### EXTRACTED RECORDS
##############################

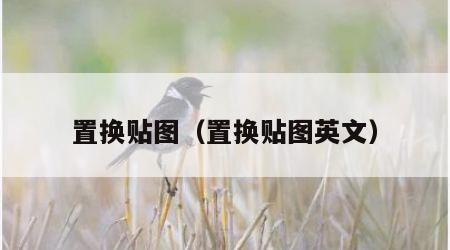 置换贴图（置换贴图英文）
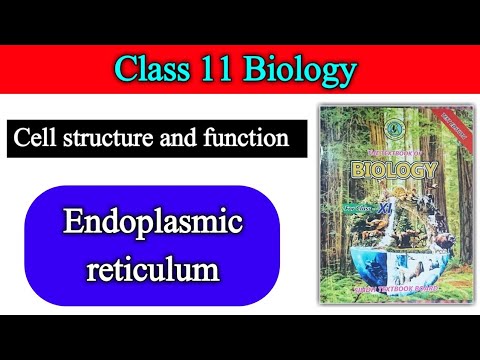 Endoplasmic reticulum || cell structure and function || class 11 bio ...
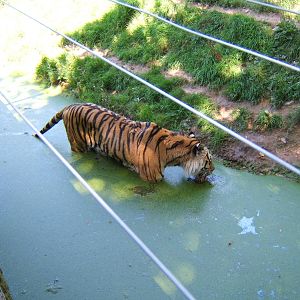 Tiger in pool in what is now the Cheetah enclosure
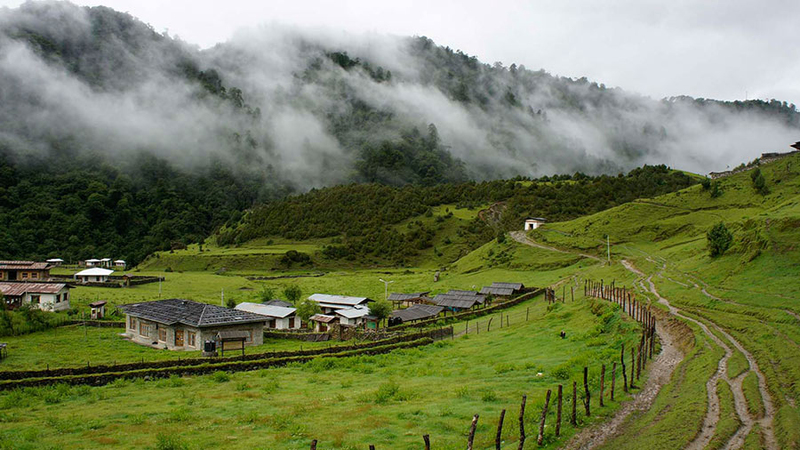 Gangtey Nature Hike images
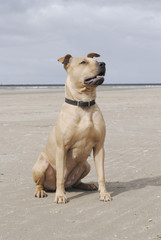 Hond zit op strand in de zon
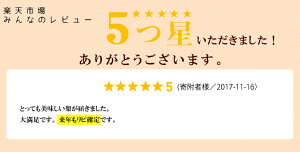 【ふるさと納税】《数量限定》幸田町産「梨」5kg(10〜12玉)箱入り※着日時指定、北海道・沖縄・離島への発送不可※8月中旬頃〜9月上旬頃に順次発送予定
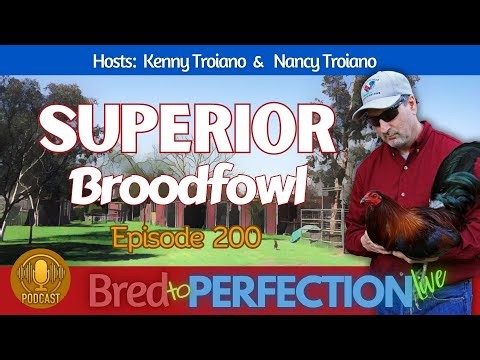 Ep200 - Indicators of Superior Brood Fowl - A Breeder’s Guide to Building Strong Bloodlines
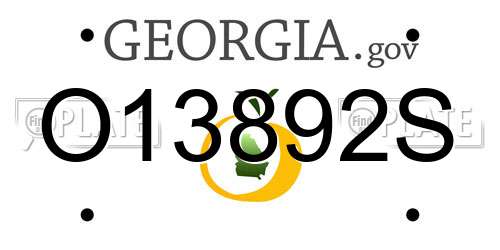 O13892S Georgia License Plate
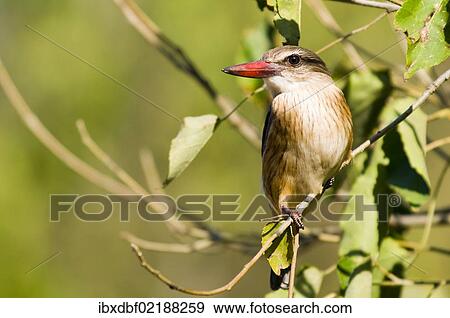 "Weaver (Ploceidae), Mapungubwe National Park, Limpopo, South Africa, Africa" View Large Photo Image Stock Photo - "Weaver (Ploceidae), Mapungubwe National Park, Limpopo, South Africa, Africa". Fotosearch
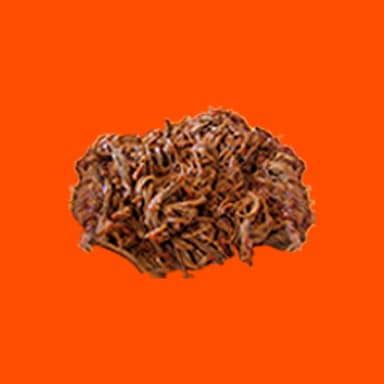 CARNE DESMECHADA
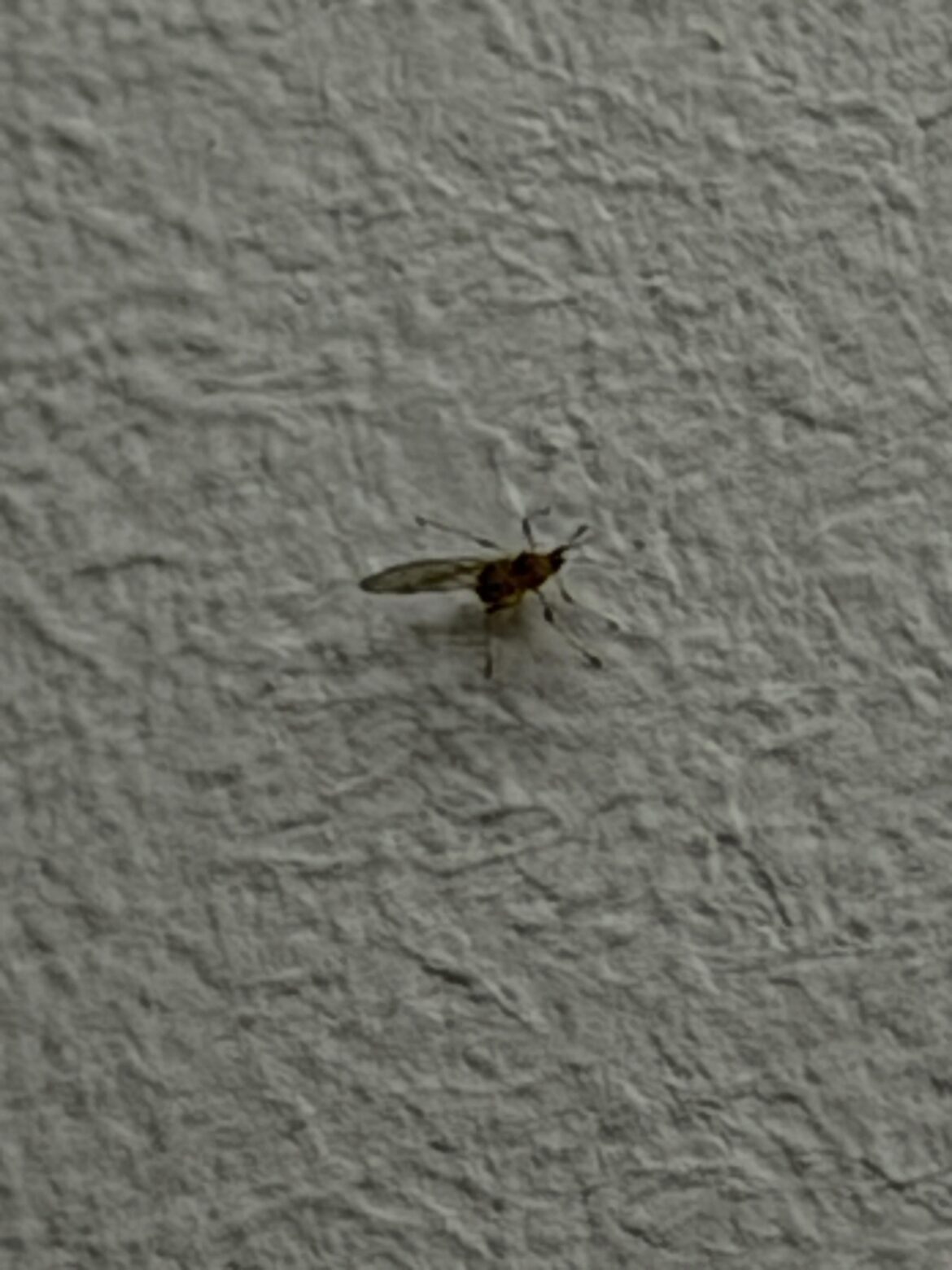 Does anyone know what this insect is? No, they’re not fungus gnats.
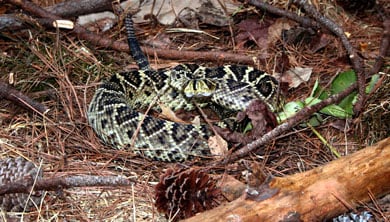 Crotalus Adamanteus390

##############################

### TASK PROMPT
This task asks for the data above repeated exactly, without a single picture.

### SOLUTION BELOW
 置换贴图（置换贴图英文）
 Endoplasmic reticulum || cell structure and function || class 11 bio ...
 Tiger in pool in what is now the Cheetah enclosure
 Gangtey Nature Hike images
 Hond zit op strand in de zon
 【ふるさと納税】《数量限定》幸田町産「梨」5kg(10〜12玉)箱入り※着日時指定、北海道・沖縄・離島への発送不可※8月中旬頃〜9月上旬頃に順次発送予定
 Ep200 - Indicators of Superior Brood Fowl - A Breeder’s Guide to Building Strong Bloodlines
 O13892S Georgia License Plate
 "Weaver (Ploceidae), Mapungubwe National Park, Limpopo, South Africa, Africa" View Large Photo Image Stock Photo - "Weaver (Ploceidae), Mapungubwe National Park, Limpopo, South Africa, Africa". Fotosearch
 CARNE DESMECHADA
 Does anyone know what this insect is? No, they’re not fungus gnats.
 Crotalus Adamanteus390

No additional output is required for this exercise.